» HOW TO COMPLETE THIS TASK:
Retype the entries word for word, leaving nothing out.

Entries taken from a collection
________

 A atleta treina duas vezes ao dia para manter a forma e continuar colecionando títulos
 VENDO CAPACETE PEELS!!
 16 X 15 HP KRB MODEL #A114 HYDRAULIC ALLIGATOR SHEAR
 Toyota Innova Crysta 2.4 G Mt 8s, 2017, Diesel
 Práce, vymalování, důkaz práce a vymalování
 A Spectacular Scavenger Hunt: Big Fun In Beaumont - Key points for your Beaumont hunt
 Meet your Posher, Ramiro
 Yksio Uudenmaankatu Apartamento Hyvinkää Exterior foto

________

» EXERCISE SOLUTION:
 A atleta treina duas vezes ao dia para manter a forma e continuar colecionando títulos
 VENDO CAPACETE PEELS!!
 16 X 15 HP KRB MODEL #A114 HYDRAULIC ALLIGATOR SHEAR
 Toyota Innova Crysta 2.4 G Mt 8s, 2017, Diesel
 Práce, vymalování, důkaz práce a vymalování
 A Spectacular Scavenger Hunt: Big Fun In Beaumont - Key points for your Beaumont hunt
 Meet your Posher, Ramiro
 Yksio Uudenmaankatu Apartamento Hyvinkää Exterior foto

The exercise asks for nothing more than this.